[Short text fragments from websites]
___

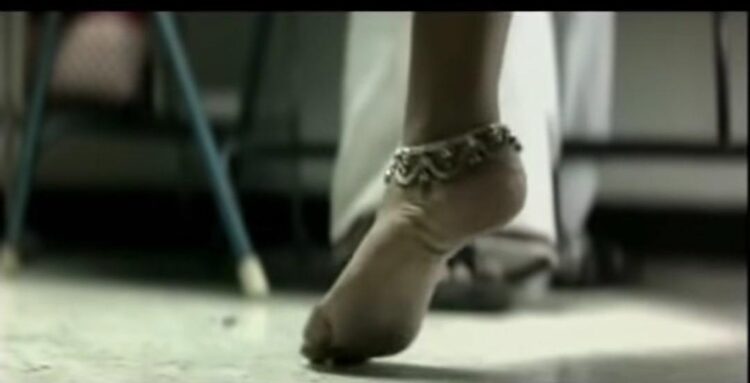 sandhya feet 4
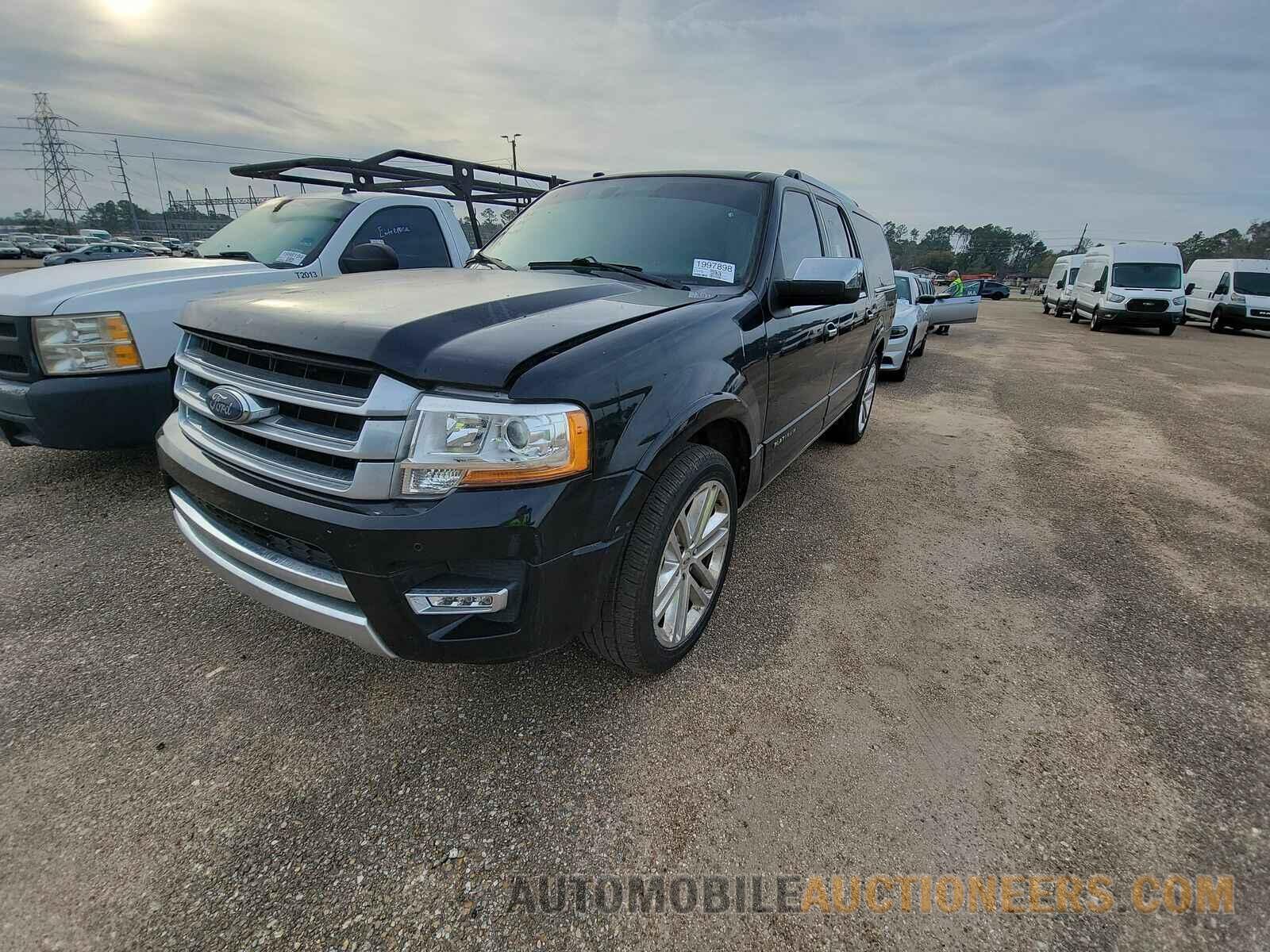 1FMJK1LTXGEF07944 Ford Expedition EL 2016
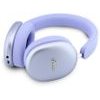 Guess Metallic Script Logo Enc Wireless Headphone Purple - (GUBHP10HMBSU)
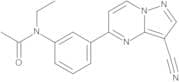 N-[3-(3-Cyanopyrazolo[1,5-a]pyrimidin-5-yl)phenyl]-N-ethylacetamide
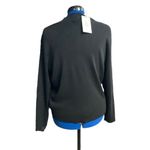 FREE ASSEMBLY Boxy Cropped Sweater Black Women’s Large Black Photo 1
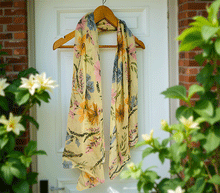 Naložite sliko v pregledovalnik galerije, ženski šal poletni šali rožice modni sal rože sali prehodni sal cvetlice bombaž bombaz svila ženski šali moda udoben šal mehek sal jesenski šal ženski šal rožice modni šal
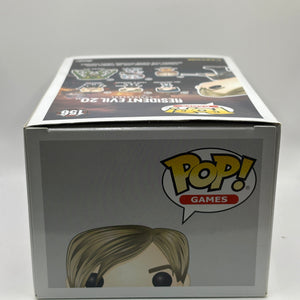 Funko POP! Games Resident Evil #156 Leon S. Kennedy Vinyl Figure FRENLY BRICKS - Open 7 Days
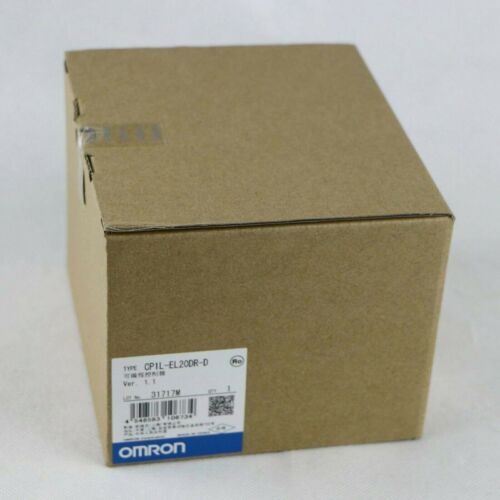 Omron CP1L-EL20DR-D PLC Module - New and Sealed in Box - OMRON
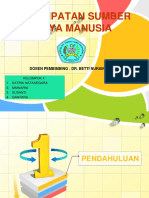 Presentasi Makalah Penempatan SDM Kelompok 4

___

» **Task brief**
Exactly as they appear, please return only the lines from the first line of the records through the line containing "FREE ASSEMBLY Boxy", both included, leaving out all pictures.

» **Answer below**
 sandhya feet 4
 1FMJK1LTXGEF07944 Ford Expedition EL 2016
 Guess Metallic Script Logo Enc Wireless Headphone Purple - (GUBHP10HMBSU)
 N-[3-(3-Cyanopyrazolo[1,5-a]pyrimidin-5-yl)phenyl]-N-ethylacetamide
 FREE ASSEMBLY Boxy Cropped Sweater Black Women’s Large Black Photo 1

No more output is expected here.